There's a moment in "Oz the Great and Powerful," Disney's much-anticipated prequel to the 1939 MGM classic "The Wizard of Oz," where a character falls to the floor, in the midst of a witchy transmogrification into something evil. Off-screen she remains until suddenly, with a heart-stopping smack, a huge green hand pops up and out of the screen (in glorious 3-D), and the clawlike fingernails scrape across a marble tabletop to the agony of any moviegoer's ears.

It's only here, halfway through this oh-so-Disney fable, that we sense the man behind the curtain, director Sam Raimi, who — like that other fabulist, Peter Jackson — got his start working in horror of the most eye-popping, jaw-dropping kind. Raimi's had an eclectic three-decade run at moviemaking, ranging from shoestring indie to Hollywood blockbuster, but few who saw his dismemberment-heavy debut "The Evil Dead" back in 1981 would have predicted that he'd someday be working for the Magic Kingdom.

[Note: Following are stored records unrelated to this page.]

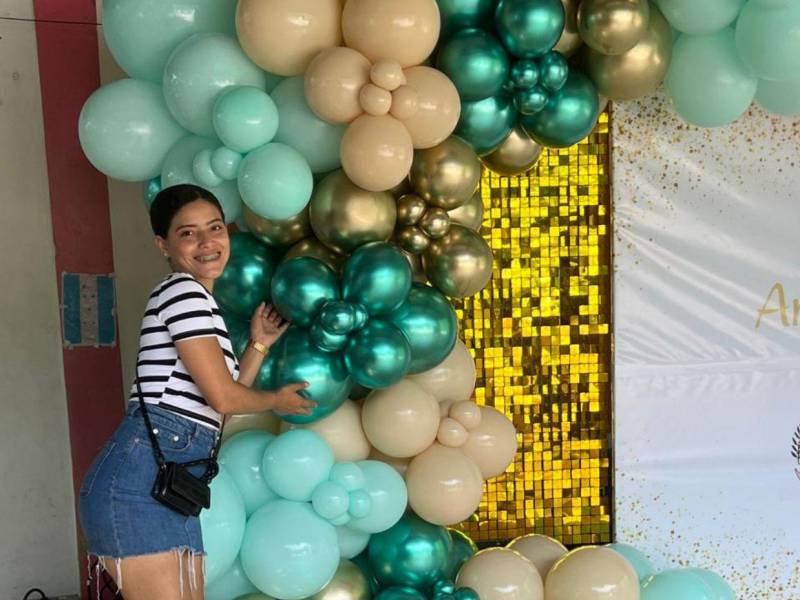 Fernanda Andino, una joven capitalina, ha salido adelante gracias a sus ingeniosas y preciosas decoraciones.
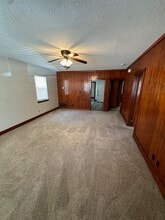 324 Michael Cir in Mary Esther, FL - Foto de edificio - Building Photo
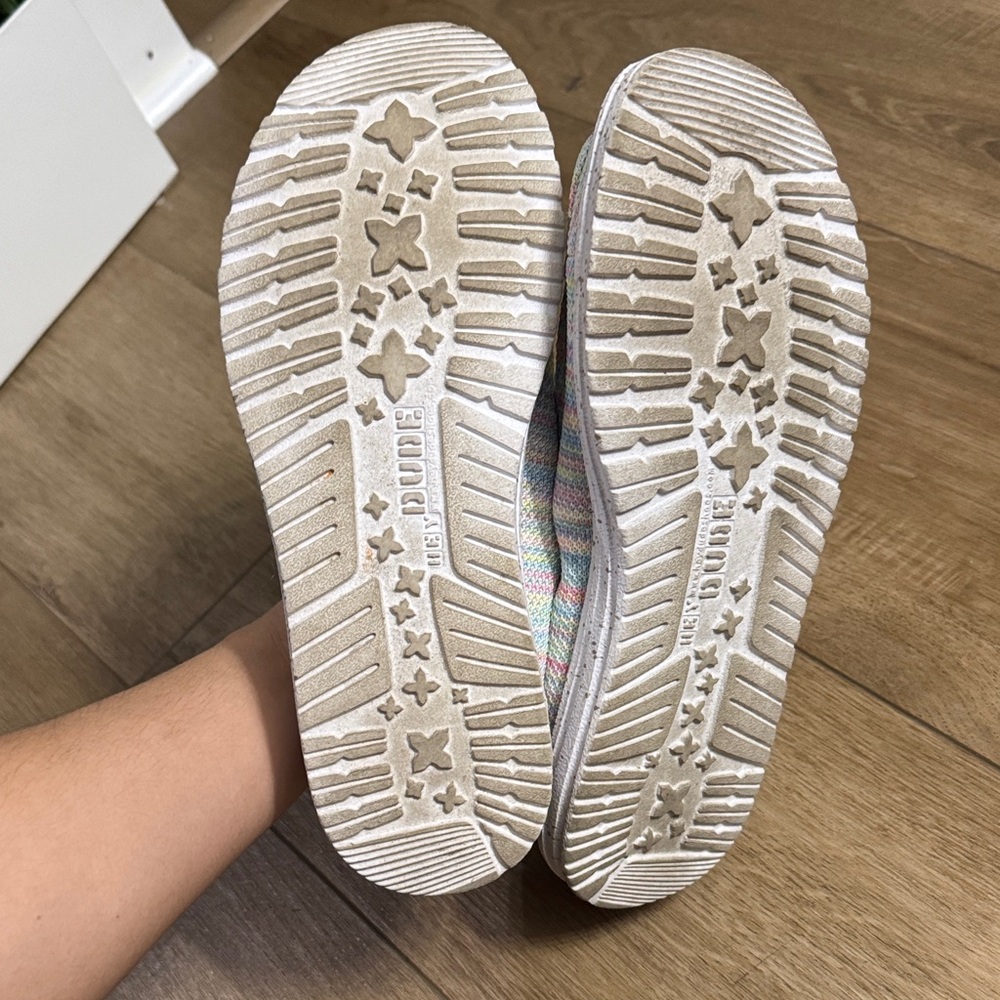 Hey Dude Pastel Striped Shoes - Picture 4 of 6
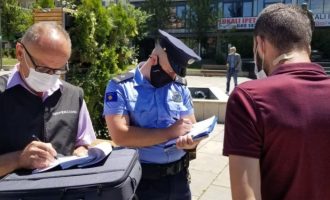 Vazhdojnë gjobat për shkeljen e rregullave anti-COVID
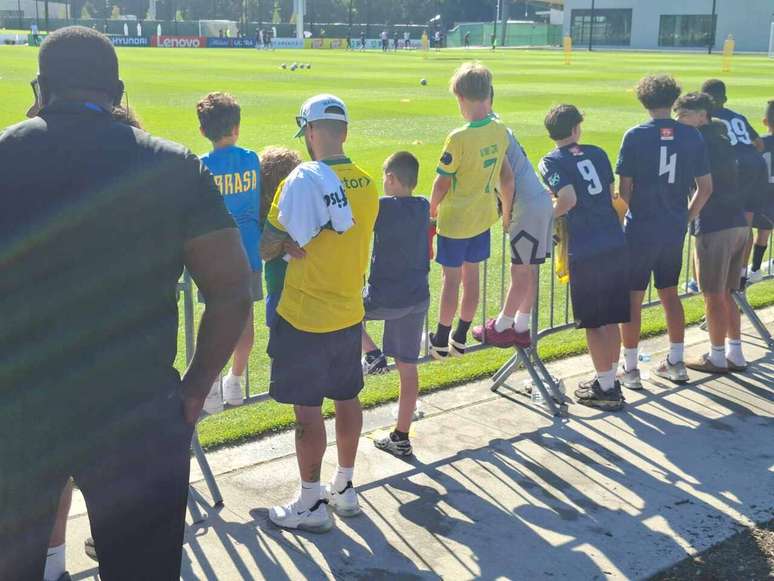 Poucos torcedores conseguiram acompanhar o treino da Sele&ccedil;&atilde;o &ndash;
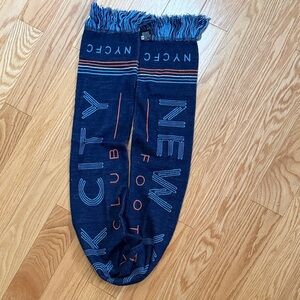 NYC Men's Navy and Orange Casual Socks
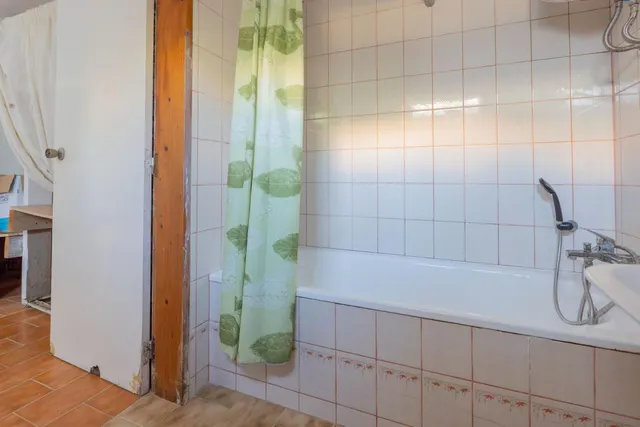 Casa con piscina privada en la urbanización Eucaliptus. — 23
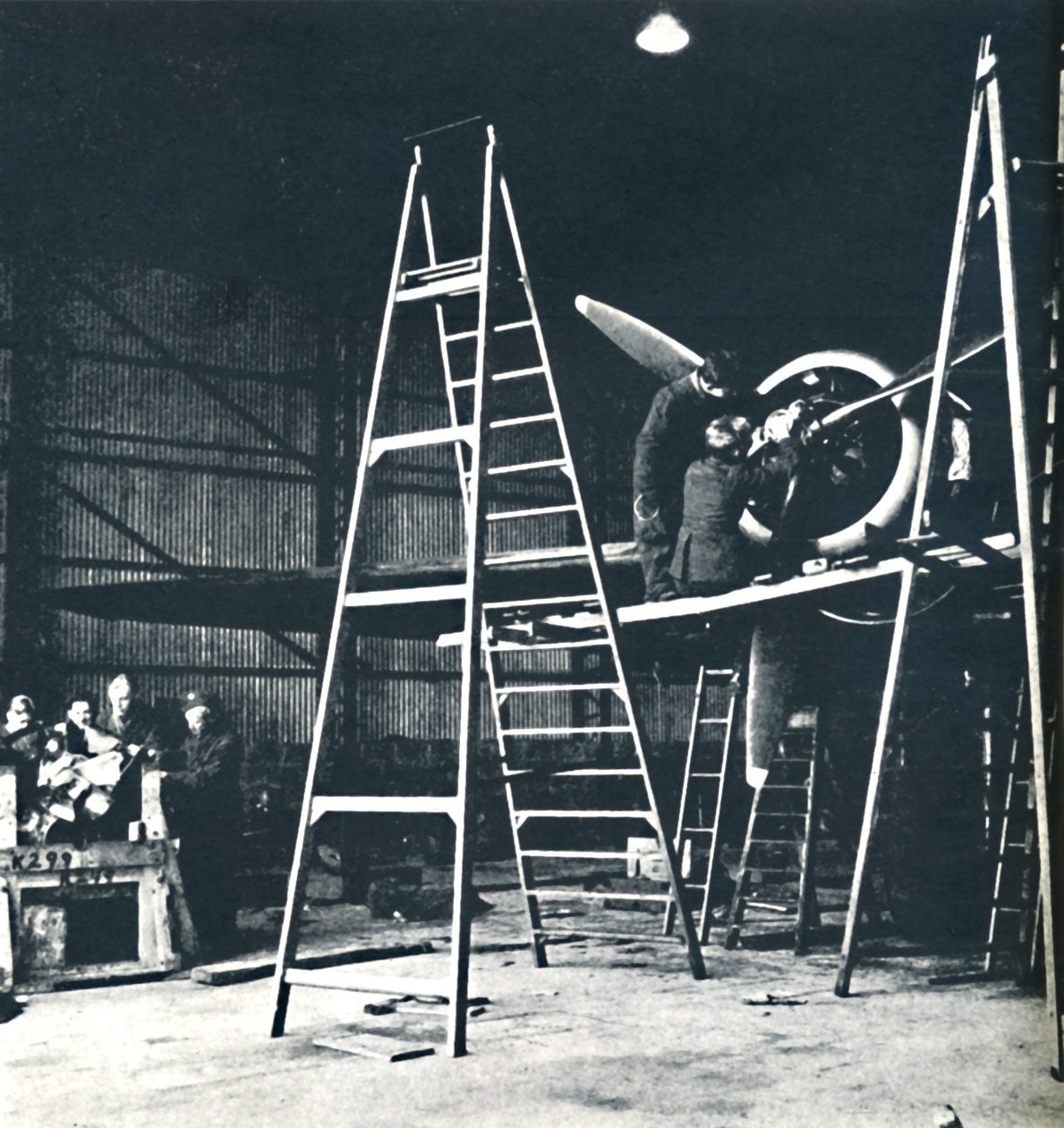 Il lavoro delle squadre di terra non finisce mai, 1941 da Cecil Beaton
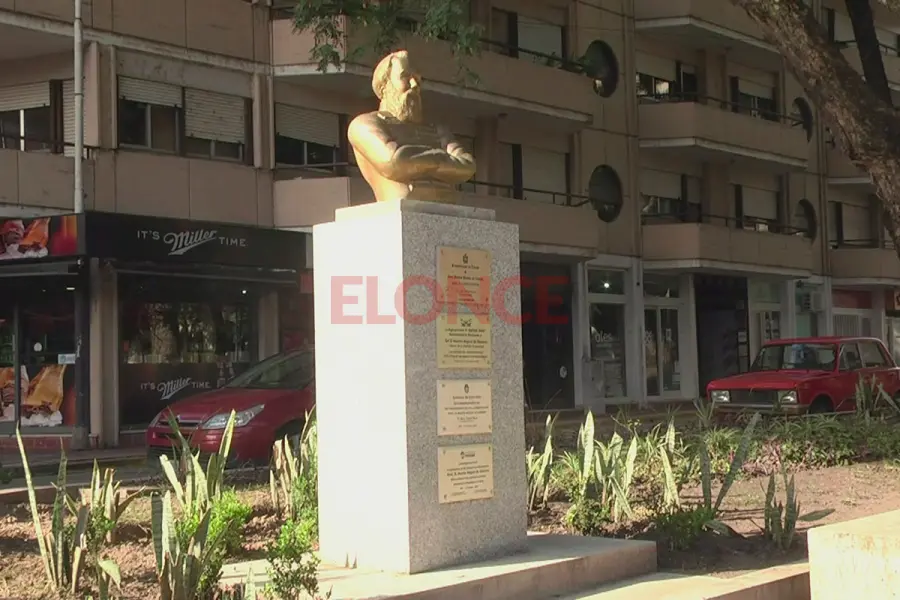 Monumento a G&uuml;emes en Paran&aacute; (Elonce)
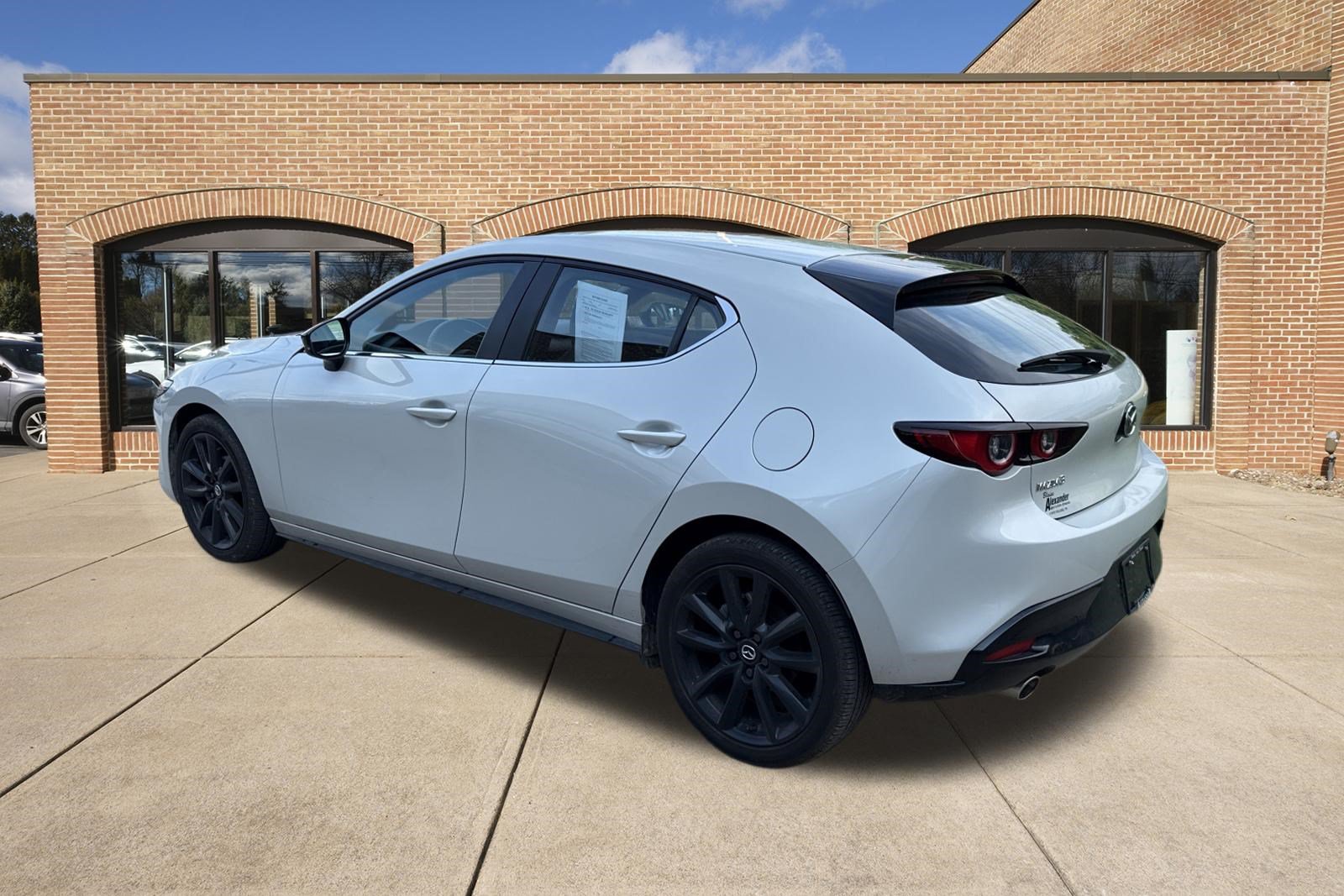Certified 2025 MAZDA MAZDA3 s Sport w/ Appearance Package FWD image 5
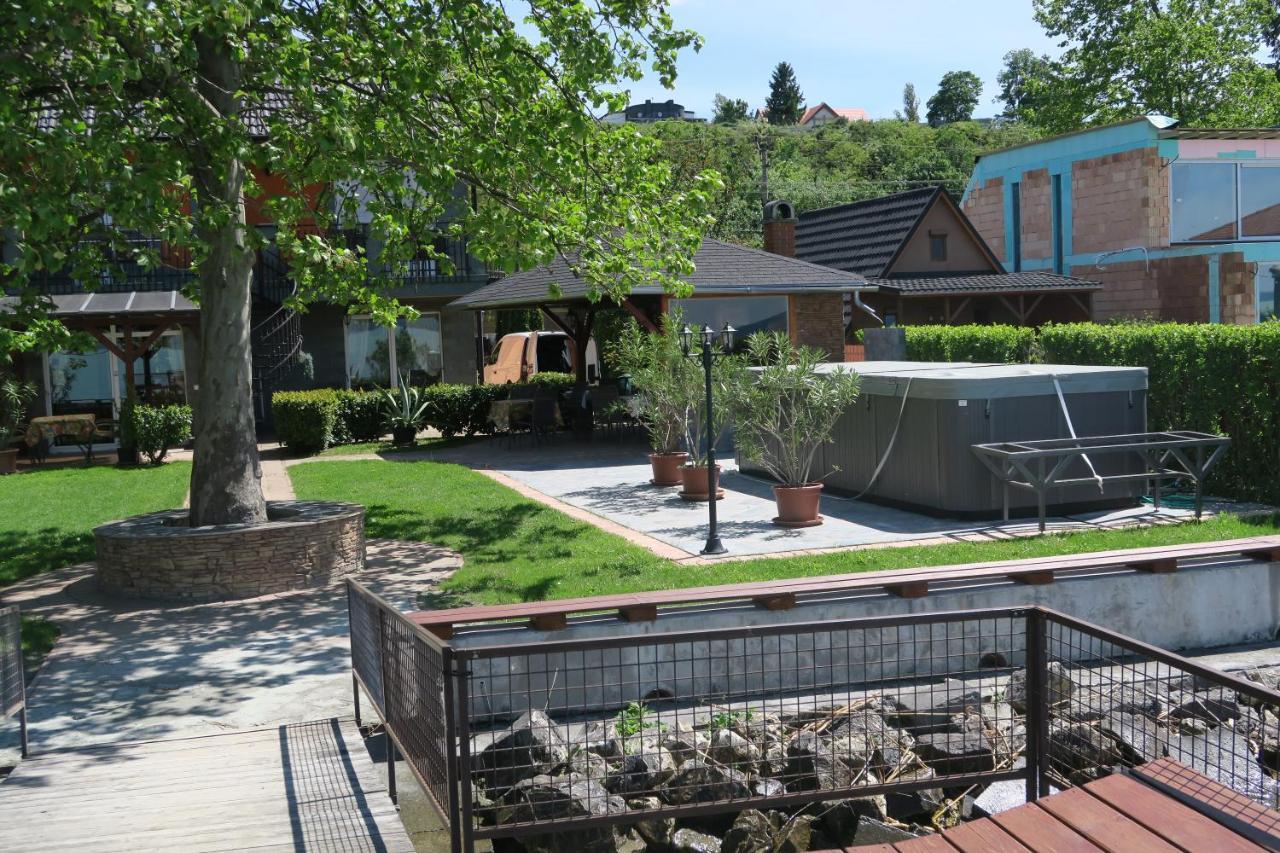 Granit Villa Balatonszarszo Exterior photo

When a director's career entails a tectonic shift as massive as that from X-rated splatter to family-friendly fare, it's safe to ask: What is a Sam Raimi film? Does the director have a signature style — the "vision thing," as George Bush used to call it — or is he merely a gun-for-hire, bringing his considerable skills in stylized fantasy to whomever's signing the checks?